TO DO: Return every line below in which "Hello" appears.

RECORDS SUPPLIED:
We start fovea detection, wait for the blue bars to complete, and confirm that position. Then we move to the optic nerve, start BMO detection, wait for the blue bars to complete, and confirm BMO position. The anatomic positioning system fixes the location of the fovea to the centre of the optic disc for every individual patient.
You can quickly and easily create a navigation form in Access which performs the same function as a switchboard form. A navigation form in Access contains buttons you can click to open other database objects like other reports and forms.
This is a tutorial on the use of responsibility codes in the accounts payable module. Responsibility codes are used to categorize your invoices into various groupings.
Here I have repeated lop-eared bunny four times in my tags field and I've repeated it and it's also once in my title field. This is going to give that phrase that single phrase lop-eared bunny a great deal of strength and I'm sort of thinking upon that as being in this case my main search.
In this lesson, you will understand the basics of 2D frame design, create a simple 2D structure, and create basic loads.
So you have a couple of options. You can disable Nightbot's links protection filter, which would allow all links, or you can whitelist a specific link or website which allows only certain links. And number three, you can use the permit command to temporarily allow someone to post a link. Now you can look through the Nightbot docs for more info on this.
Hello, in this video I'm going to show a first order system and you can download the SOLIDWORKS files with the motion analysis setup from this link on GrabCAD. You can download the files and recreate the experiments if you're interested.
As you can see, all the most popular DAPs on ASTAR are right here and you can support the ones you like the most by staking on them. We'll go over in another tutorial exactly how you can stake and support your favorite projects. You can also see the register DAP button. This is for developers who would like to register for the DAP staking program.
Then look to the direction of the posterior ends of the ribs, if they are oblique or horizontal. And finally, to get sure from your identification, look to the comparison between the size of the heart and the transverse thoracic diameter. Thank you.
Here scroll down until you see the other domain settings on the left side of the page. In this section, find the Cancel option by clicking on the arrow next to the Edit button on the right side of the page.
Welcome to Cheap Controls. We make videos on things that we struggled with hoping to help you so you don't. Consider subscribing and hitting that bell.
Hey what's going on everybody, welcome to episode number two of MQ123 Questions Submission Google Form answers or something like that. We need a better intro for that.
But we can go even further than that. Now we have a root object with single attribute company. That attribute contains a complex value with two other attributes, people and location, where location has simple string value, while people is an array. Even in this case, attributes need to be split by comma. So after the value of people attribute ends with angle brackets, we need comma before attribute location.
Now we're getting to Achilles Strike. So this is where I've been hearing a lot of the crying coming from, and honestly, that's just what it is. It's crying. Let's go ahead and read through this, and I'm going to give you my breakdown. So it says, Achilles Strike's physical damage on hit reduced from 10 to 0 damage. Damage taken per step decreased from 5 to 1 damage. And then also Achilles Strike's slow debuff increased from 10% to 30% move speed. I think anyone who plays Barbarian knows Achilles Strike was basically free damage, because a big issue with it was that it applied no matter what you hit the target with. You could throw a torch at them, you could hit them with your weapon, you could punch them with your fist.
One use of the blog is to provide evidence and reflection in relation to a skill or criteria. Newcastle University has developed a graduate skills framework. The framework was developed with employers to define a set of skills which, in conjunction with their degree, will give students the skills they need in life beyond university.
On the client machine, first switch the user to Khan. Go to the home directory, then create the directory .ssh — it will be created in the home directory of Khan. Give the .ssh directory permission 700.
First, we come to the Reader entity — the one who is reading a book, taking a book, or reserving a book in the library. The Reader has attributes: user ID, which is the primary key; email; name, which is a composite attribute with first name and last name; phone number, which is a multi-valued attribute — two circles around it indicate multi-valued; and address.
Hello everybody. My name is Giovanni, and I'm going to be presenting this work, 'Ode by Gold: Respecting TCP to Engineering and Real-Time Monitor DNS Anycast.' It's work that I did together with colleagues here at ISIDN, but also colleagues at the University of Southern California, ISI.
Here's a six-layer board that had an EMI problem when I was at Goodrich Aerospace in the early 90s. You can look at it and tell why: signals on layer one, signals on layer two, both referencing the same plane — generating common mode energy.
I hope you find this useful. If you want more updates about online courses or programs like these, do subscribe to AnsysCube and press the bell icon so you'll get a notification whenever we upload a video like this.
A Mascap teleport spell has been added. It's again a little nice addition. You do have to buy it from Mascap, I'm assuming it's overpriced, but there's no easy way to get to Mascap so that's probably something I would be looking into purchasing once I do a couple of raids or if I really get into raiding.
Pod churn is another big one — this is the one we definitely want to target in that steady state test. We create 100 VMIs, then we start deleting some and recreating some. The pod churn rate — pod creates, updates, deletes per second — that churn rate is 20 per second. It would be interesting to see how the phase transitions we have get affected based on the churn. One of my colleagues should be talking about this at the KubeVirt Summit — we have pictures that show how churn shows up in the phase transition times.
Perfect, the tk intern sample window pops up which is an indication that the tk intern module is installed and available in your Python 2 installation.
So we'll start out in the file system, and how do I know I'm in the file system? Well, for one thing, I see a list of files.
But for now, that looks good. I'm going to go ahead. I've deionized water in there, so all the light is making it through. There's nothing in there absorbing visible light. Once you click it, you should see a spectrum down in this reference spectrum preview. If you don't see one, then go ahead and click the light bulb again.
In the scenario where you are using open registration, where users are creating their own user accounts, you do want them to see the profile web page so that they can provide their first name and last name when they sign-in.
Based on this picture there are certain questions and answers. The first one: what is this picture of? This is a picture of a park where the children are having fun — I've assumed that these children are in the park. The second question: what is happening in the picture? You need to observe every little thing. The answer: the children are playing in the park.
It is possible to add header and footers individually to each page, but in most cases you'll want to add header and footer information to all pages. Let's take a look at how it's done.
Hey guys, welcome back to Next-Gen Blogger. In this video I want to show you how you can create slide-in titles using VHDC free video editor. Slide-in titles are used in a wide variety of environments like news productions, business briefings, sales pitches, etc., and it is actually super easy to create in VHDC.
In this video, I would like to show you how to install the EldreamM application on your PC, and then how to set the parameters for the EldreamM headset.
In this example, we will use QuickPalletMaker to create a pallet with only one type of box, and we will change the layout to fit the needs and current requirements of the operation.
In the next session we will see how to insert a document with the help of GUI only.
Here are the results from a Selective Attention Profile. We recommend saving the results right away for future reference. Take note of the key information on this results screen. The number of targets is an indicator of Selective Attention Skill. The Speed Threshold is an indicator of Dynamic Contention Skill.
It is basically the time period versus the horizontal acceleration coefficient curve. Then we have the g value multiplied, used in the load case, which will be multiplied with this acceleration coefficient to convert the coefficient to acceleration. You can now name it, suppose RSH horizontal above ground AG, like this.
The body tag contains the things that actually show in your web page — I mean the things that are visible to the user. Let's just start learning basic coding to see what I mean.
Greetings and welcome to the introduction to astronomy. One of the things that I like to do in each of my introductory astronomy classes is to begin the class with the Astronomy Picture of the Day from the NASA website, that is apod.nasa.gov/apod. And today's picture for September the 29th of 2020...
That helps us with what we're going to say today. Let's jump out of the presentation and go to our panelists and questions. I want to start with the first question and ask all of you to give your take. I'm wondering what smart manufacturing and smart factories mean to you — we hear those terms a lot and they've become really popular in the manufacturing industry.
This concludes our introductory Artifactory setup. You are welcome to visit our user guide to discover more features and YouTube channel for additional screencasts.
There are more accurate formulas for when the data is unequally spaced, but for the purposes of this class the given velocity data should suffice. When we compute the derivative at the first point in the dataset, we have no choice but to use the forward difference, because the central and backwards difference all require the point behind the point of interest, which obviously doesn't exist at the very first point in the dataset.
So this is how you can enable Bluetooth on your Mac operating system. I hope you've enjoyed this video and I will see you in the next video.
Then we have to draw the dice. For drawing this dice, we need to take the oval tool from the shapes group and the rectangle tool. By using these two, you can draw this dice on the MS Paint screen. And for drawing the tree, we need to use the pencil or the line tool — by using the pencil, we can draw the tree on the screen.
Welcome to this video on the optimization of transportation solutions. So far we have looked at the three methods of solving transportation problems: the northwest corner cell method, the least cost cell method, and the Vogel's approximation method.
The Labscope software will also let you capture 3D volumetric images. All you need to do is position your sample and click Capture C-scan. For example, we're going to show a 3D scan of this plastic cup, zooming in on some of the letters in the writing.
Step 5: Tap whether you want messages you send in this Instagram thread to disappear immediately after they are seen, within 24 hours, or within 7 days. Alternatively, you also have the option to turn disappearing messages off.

RESULT OF THE EXERCISE:
Hello, in this video I'm going to show a first order system and you can download the SOLIDWORKS files with the motion analysis setup from this link on GrabCAD. You can download the files and recreate the experiments if you're interested.
Hello everybody. My name is Giovanni, and I'm going to be presenting this work, 'Ode by Gold: Respecting TCP to Engineering and Real-Time Monitor DNS Anycast.' It's work that I did together with colleagues here at ISIDN, but also colleagues at the University of Southern California, ISI.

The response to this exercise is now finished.